Vervolgens worden deze concepten in hoofdstuk drie geoperationaliseerd, en worden in dit hoofdstuk de methoden van onderzoek toegelicht. Hoofdstuk vier bespreekt de casus van de Belastingdienst en in hoofdstuk vijf worden de resultaten geanalyseerd. Het zesde en laatste hoofdstuk bespreekt de conclusies en discussie.

(10)

10

2. Theoretisch kader

Dit hoofdstuk beschrijft het theoretisch kader. Eerst wordt de relevante literatuur besproken omtrent verandermanagement. Vervolgens komt de leiderschapstheorie van Konradt aan bod, welke bestaat uit drie typen van leiderschap die alle drie worden toegelicht. Op basis van de literatuur zullen verwachtingen worden geformuleerd over de typen leiderschap en de leiderschapsstijl waar sprake van was tijdens organisatieveranderingen.

2.1 Verandermanagement

Er zijn veel factoren die invloed kunnen hebben op organisatieveranderingen, zie bijvoorbeeld Boonstra (2000) en Burke & Litwin (1992). Zo ook leiderschap. In de literatuur zijn

verschillende opvattingen over welke rol de managers en leiders kunnen spelen in organisatieveranderingen en wat voor effecten dit heeft. Een groot deel van de

wetenschappers is het eens over de stelling dat leiders en managers belangrijke spelers zijn in organisatieverandering (Fernandez & Rainey, 2006, p. 168). Hoe de leiders en managers in zulke situaties bepalen op welke manier zij leiding geven, is echter nog niet geheel duidelijk.

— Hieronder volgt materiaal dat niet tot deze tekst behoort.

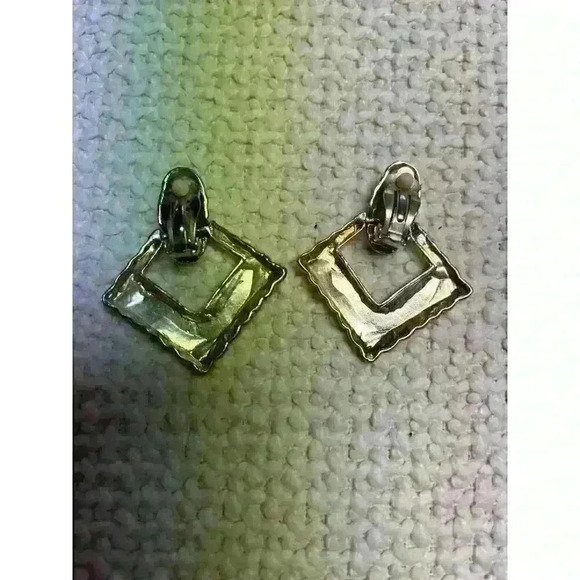 Costume Clip-on Earrings - Picture 7 of 10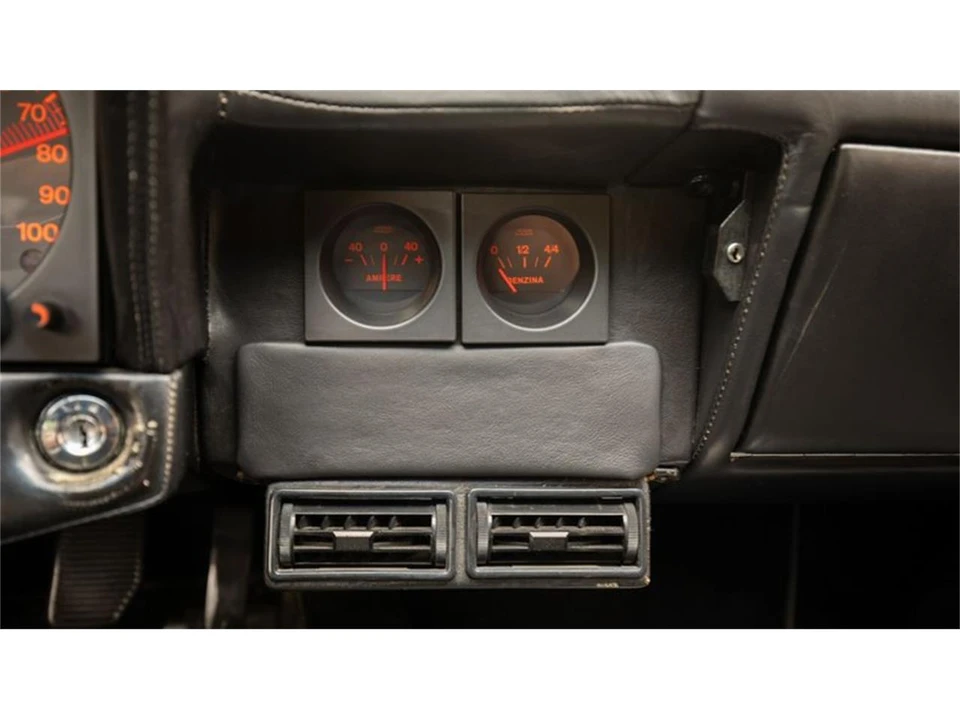 1975 Ferrari 365 - Image 26 of 31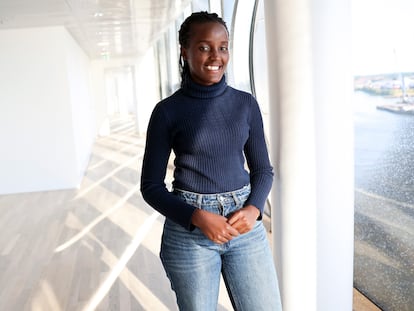 Vanessa Nakate, en una sesión fotográfica antes de la presentación del Premio Helmut Schmidt Future en en Hamburgo, Alemania, el 28 de junio de 2022.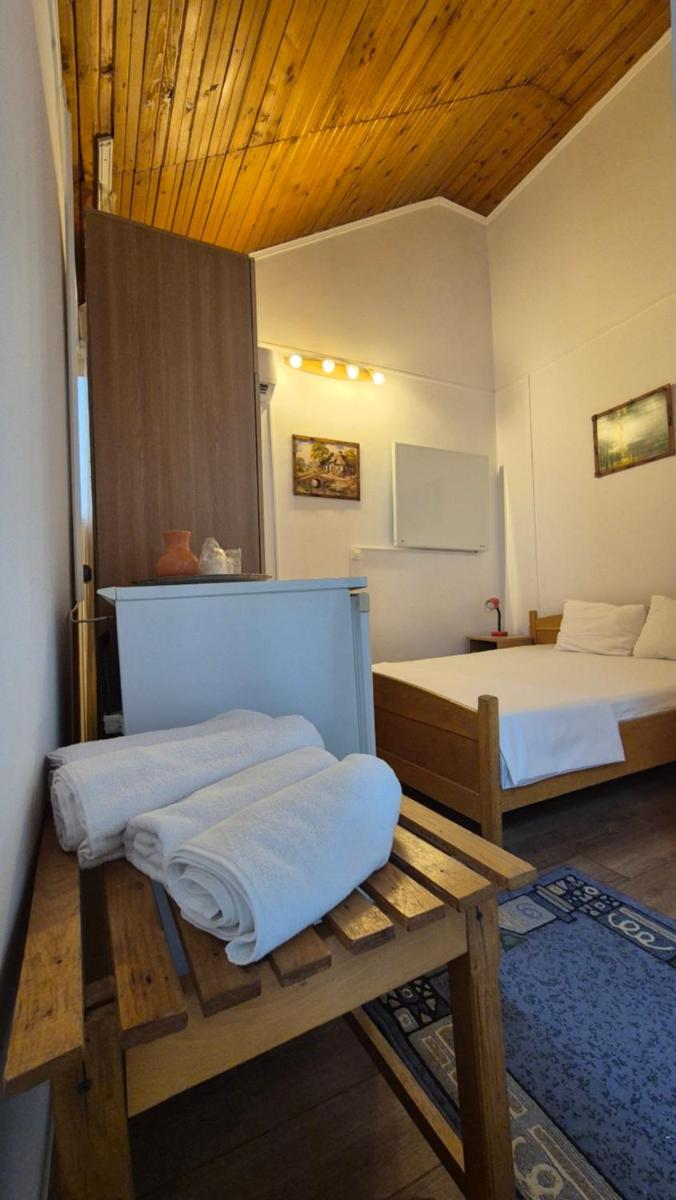 Vila Crinilor - Housity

Veelal is de rol van leiderschap op de situatie onderzocht, maar in dit onderzoek wordt verondersteld dat deze relatie ook omgekeerd effect kan hebben, namelijk dat de situatie effect heeft op het leiderschap. Dit is niet vreemd, aangezien organisaties en

organisatieveranderingen nooit hetzelfde zijn.

Derhalve is het van belang om eerst het begrip organisatieverandering te definiëren. De gangbare definitie, binnen de publieke sector, volgens Van De Walle & Groeneveld (2016, p.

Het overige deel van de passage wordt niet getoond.